The primary focus of our Core Voucher program is to facilitate translational research through support of core services. We have taken a novel approach to this by incentivizing investigators to engage in translational research through directly linking core subsidies to investigator-defined projects. The 1926 core requests made in conjunction with the 1467 proposals submitted in the past 5 years speak to the innovation and productivity of the translational researchers and the relevance of core facilities.

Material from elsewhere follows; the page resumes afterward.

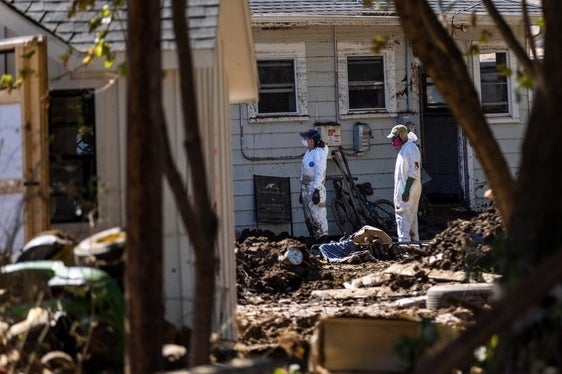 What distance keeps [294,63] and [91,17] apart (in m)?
12.5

Directly quantitating the depth and breadth of our research community engaged in translational research is difficult. One approach is to track the proportion of investigators that are applying to the Core Voucher system for the first time. As we reach the limit of the pool of translational investigators, we would expect this proportion to decrease. Our finding that the proportion of new investigators has remained stable over the last three intercampus RFA cycles would suggest that we have not yet fully sampled the translational research community across the UCLA CTSI campuses. Although an expanding translational research community is only one possible explanation for this observation, we are encouraged by this trend and will continue to follow this metric closely in the future.

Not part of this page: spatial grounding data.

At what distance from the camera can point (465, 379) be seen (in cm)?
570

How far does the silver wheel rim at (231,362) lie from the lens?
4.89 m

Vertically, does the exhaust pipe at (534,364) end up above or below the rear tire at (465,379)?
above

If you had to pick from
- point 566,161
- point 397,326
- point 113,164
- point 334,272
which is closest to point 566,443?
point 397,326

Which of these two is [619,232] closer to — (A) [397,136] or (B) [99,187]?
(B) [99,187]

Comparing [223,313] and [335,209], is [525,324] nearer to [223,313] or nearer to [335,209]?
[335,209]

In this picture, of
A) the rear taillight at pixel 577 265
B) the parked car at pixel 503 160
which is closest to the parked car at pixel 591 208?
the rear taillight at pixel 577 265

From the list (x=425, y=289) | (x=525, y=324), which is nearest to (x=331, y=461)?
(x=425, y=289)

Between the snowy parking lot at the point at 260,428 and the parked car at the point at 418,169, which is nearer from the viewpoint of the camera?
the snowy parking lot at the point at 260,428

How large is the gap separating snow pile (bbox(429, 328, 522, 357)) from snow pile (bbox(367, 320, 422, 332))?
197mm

The size of the UCLA CTSI research community and the fact that it is distributed across four physically distinct campuses drove many of the logistical decisions in implementing our Core Voucher system. Building a scalable, uniform multicampus Core Voucher submission and review process supported by web accessible software was a key component to our success. We opted for a “home-grown” open-source application that is mature and readily configurable. After all reviews had been submitted, the data were exported into a separate relational database to generate rank order lists. This hybrid approach offered not only the accessibility required for our transactional processes across both intercampus and on-demand RFAs, but also the flexibility to meet our evolving analytic needs. These software tools also had a positive impact on administrative efficiency. Even at a scale of hundreds of proposals per RFA, this does not present an undue burden to our support staff. A typical cycle requires only 0.5 of an FTE (full time equivalent) from beginning to end.

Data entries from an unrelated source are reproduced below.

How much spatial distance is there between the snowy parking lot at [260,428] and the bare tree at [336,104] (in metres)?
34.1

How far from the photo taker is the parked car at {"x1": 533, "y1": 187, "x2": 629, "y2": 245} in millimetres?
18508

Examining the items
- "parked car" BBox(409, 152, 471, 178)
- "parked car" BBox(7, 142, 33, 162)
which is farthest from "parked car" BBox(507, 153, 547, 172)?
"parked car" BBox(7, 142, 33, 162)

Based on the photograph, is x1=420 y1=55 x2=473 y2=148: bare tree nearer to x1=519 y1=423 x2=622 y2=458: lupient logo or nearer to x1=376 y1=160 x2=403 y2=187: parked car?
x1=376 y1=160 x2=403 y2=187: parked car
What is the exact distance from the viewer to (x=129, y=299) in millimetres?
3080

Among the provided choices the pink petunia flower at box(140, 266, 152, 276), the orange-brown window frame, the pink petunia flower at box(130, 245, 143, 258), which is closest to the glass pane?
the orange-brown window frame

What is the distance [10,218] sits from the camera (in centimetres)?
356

To respond quickly to investigator needs, limiting the turnaround time for the RFA process was a major focus from the outset. To accomplish this goal while anticipating a review load of 150–200 proposals per cycle, the decision was made to limit each eligible principal investigator to one application per RFA and to keep the application process as brief as possible. Over the course of the program, a coinvestigator category was added to recognize the contribution of postdoctoral fellows and other junior investigators to driving projects forward. The project description was limited to 2000 characters including white spaces, which is approximately 300 to 350 words. The brief application is in keeping with a general trend on the part of NIH and others toward shorter applications that require applicants to focus their proposals to a minimum effective size. While most investigators welcomed this approach, many found that achieving this level of brevity, while maintaining effectiveness, was challenging. The most frequent challenge encountered was the ability to articulate the translational relevance as well as the innovation and approach of the project. Many investigators welcomed the opportunity for one-on-one consultations to discuss such deficiencies, which resulted in improved application outcomes in subsequent cycles.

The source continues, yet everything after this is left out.